Fed Chair Powell Weighs Whether Cut Will Be Needed as Risks Loom

Jerome H. Powell, chairman of the Federal Reserve, said Tuesday that the central bank is weighing whether an interest-rate cut will be needed as trade risks stir economic uncertainty and inflation lags. But he made clear that the institution considers itself independent from the White House and President Trump, who continues to push publicly for a rate cut.

Mr. Powell said the case for a rate cut has strengthened somewhat given that economic “crosscurrents have re-emerged, with apparent progress on trade turning to greater uncertainty and with incoming data raising renewed concerns about the strength of the global economy.”

But he stopped short of saying a cut was guaranteed, noting that the Fed would continue to watch economic events unfold and would avoid reacting to short-term issues.

“The question my colleagues and I are grappling with is whether these uncertainties will continue to weigh on the outlook and thus call for additional policy accommodation,” Mr. Powell said at a Council on Foreign Relations event in New York.

The Fed is watching warily as global trade flows slow, manufacturing indexes sag and confidence gauges wobble against continuing uncertainty about Mr. Trump’s trade war. Because interest rates are already historically low, the Fed wants to take a risk-management approach to setting policy, fending off any softening in growth before it becomes serious.

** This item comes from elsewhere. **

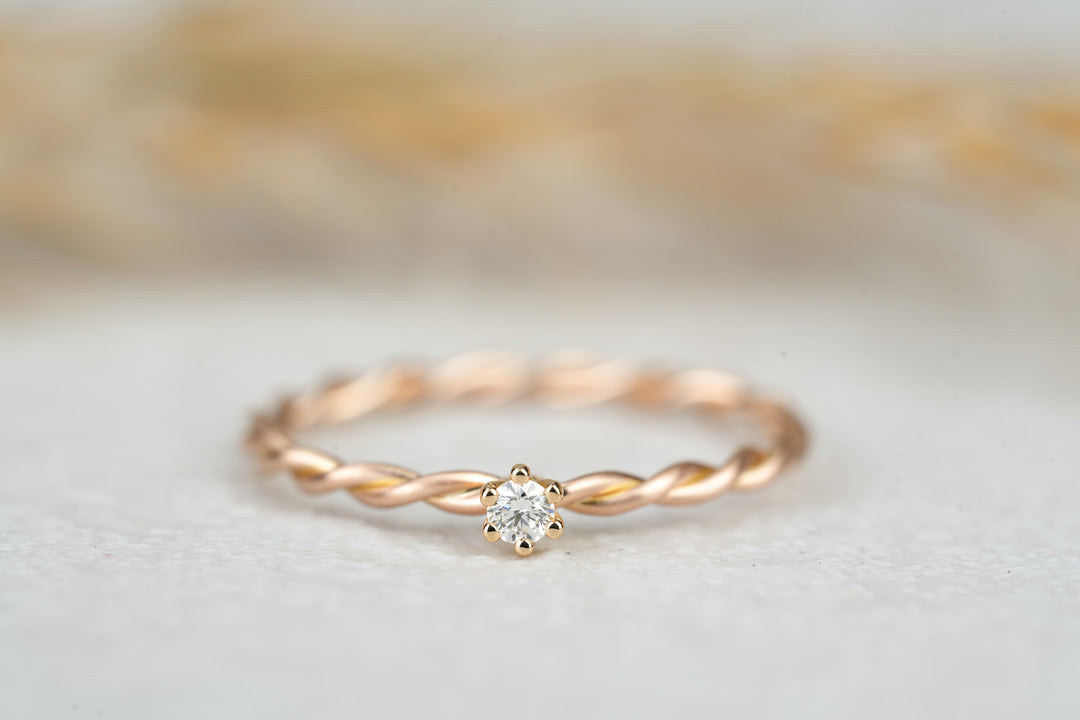 ausgefallener Verlobungsring Milou in Rosegold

That inflation has never sustainably hit the Fed’s 2 percent target, formally in place since 2012, heightens the case for moving pre-emptively — rather than waiting and risking making a move too late. Inflation came in at just 1.5 percent in the year through April.

“That undershoot looks like it might be more persistent than we had hoped, and that is not a good thing,” Mr. Powell said in a question-and-answer session with Neil Irwin, a senior economic correspondent with The New York Times. “It’s another argument, frankly, for providing more policy accommodation.”

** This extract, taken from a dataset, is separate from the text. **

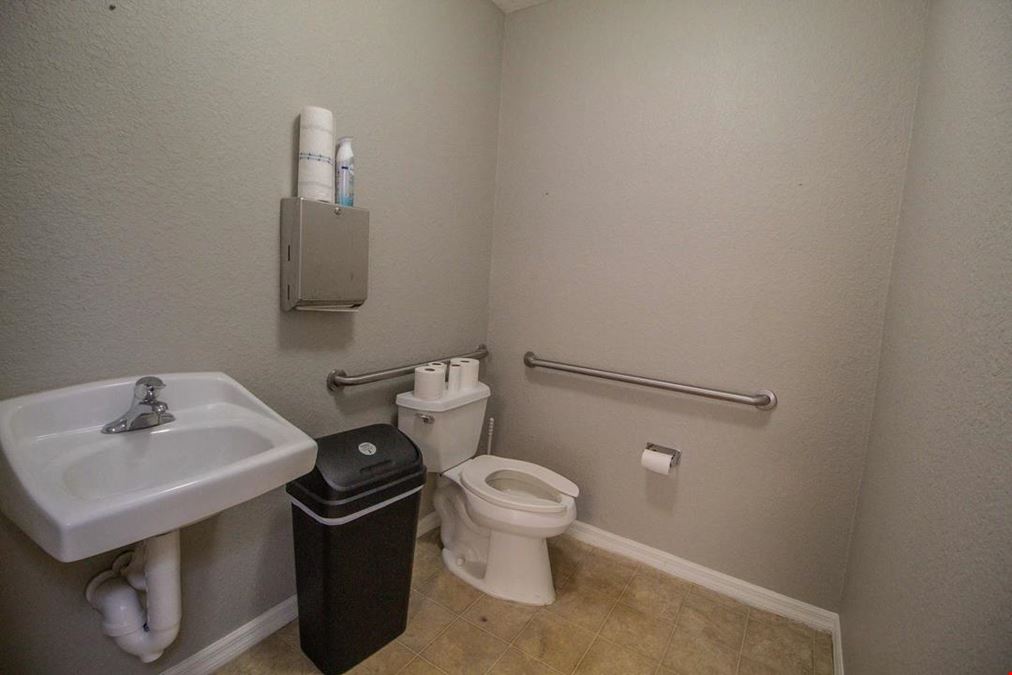 Retail/Office Condo in High-Traffic Port Charlotte Corridor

The Fed’s policy conversation is happening against a contentious political backdrop. Mr. Trump has been loudly criticizing the central bank for keeping rates too high, saying that it is weakening growth and putting the United States on an uneven playing field with trading partners with lower interest rates. Mr. Powell emphasized the central bank’s independence on Tuesday.

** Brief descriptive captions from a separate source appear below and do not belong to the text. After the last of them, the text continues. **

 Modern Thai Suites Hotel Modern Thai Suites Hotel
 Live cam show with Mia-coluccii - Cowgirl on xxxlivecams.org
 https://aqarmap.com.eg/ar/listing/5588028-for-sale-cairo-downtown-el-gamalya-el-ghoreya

“We are a strictly nonpolitical agency,” he said in response to a question about Mr. Trump’s continuing attacks. “We’re human, we’ll make mistakes,” he added, but “we won’t make mistakes of integrity or character.”

Mr. Trump on Monday tweeted that the Fed “blew it” by increasing rates last year, and he has even toyed with the idea of demoting Mr. Powell to the role of governor. Mr. Trump has alternately implied that such a move would depend on Mr. Powell’s actions and denied suggesting a demotion. He said he thought he had the legal authority to do so if he chose, though his authority is unclear.

[Mr. Trump’s feud with the Fed is rooted in history.]

Politics aside, economic developments have prompted a growing number of Fed officials to expect rate cuts before the end of the year, according to economic projections released after their June 19-20 meeting. Investors in fed funds futures had fully priced in a rate cut next month after that meeting. Stocks indexes fell after Mr. Powell’s speech was released Tuesday, suggesting that his characterization of rate cuts as a “whether” rather than a definite plan disappointed some traders.

But Mr. Powell’s Fed colleagues are with him as he watches incoming data warily.

“The economy had solid momentum, but now it’s pedaling against some pretty significant headwinds,” Mary Daly, president of the Federal Reserve Bank of San Francisco, said in an interview with The New York Times on Tuesday. “Let’s watch the next six weeks and see if the data reverse,” and “see how the uncertainty resolves itself as we get more information about trade negotiations, and finally, let’s see what other countries are doing to offset potential weaknesses.”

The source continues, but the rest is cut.